# Exercise brief
Each record is to be duplicated exactly, with nothing added.

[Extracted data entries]

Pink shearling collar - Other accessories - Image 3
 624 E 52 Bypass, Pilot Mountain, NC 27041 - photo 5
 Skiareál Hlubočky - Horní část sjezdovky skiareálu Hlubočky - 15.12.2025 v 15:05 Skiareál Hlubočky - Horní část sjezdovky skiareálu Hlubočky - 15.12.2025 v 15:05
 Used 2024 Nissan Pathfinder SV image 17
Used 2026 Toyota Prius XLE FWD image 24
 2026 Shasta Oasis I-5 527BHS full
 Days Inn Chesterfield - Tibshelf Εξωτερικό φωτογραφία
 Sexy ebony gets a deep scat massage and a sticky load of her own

# Exercise solution
Pink shearling collar - Other accessories - Image 3
 624 E 52 Bypass, Pilot Mountain, NC 27041 - photo 5
 Skiareál Hlubočky - Horní část sjezdovky skiareálu Hlubočky - 15.12.2025 v 15:05 Skiareál Hlubočky - Horní část sjezdovky skiareálu Hlubočky - 15.12.2025 v 15:05
 Used 2024 Nissan Pathfinder SV image 17
Used 2026 Toyota Prius XLE FWD image 24
 2026 Shasta Oasis I-5 527BHS full
 Days Inn Chesterfield - Tibshelf Εξωτερικό φωτογραφία
 Sexy ebony gets a deep scat massage and a sticky load of her own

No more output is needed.